BEGIN
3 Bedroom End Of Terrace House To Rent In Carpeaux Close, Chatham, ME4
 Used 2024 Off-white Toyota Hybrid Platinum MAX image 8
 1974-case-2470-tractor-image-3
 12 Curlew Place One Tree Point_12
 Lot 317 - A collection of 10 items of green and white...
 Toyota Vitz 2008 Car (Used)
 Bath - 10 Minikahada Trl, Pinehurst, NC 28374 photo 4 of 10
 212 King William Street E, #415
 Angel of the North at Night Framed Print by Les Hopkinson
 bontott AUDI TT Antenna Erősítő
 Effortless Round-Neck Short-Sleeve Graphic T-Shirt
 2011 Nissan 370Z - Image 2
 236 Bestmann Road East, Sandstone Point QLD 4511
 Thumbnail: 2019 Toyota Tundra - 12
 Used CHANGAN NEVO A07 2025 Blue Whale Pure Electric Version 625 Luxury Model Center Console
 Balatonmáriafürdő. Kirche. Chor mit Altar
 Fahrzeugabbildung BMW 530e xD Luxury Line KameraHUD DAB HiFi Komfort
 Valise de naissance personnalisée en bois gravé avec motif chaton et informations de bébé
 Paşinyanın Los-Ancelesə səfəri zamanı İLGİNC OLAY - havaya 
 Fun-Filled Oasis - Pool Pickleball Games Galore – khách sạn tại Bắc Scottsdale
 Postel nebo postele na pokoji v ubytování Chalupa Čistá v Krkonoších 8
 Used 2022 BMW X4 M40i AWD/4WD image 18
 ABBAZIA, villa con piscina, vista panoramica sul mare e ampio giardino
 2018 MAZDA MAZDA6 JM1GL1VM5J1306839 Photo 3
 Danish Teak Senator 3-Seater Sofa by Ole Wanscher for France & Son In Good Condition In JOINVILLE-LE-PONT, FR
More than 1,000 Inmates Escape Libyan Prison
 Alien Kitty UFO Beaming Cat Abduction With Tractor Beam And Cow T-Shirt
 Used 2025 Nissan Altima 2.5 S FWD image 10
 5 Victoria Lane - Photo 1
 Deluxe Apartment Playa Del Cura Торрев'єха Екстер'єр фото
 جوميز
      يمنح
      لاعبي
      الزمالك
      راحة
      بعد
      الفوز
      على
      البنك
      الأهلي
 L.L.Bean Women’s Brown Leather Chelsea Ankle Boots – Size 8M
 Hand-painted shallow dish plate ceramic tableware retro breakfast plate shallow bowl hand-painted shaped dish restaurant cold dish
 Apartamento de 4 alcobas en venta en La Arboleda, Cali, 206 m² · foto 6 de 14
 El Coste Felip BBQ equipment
END
Required action
The task here is to output the line with "Used CHANGAN NEVO" and all lines after it to the end of the records above, exactly and only those.

Task answer
 Used CHANGAN NEVO A07 2025 Blue Whale Pure Electric Version 625 Luxury Model Center Console
 Balatonmáriafürdő. Kirche. Chor mit Altar
 Fahrzeugabbildung BMW 530e xD Luxury Line KameraHUD DAB HiFi Komfort
 Valise de naissance personnalisée en bois gravé avec motif chaton et informations de bébé
 Paşinyanın Los-Ancelesə səfəri zamanı İLGİNC OLAY - havaya 
 Fun-Filled Oasis - Pool Pickleball Games Galore – khách sạn tại Bắc Scottsdale
 Postel nebo postele na pokoji v ubytování Chalupa Čistá v Krkonoších 8
 Used 2022 BMW X4 M40i AWD/4WD image 18
 ABBAZIA, villa con piscina, vista panoramica sul mare e ampio giardino
 2018 MAZDA MAZDA6 JM1GL1VM5J1306839 Photo 3
 Danish Teak Senator 3-Seater Sofa by Ole Wanscher for France & Son In Good Condition In JOINVILLE-LE-PONT, FR
More than 1,000 Inmates Escape Libyan Prison
 Alien Kitty UFO Beaming Cat Abduction With Tractor Beam And Cow T-Shirt
 Used 2025 Nissan Altima 2.5 S FWD image 10
 5 Victoria Lane - Photo 1
 Deluxe Apartment Playa Del Cura Торрев'єха Екстер'єр фото
 جوميز
      يمنح
      لاعبي
      الزمالك
      راحة
      بعد
      الفوز
      على
      البنك
      الأهلي
 L.L.Bean Women’s Brown Leather Chelsea Ankle Boots – Size 8M
 Hand-painted shallow dish plate ceramic tableware retro breakfast plate shallow bowl hand-painted shaped dish restaurant cold dish
 Apartamento de 4 alcobas en venta en La Arboleda, Cali, 206 m² · foto 6 de 14
 El Coste Felip BBQ equipment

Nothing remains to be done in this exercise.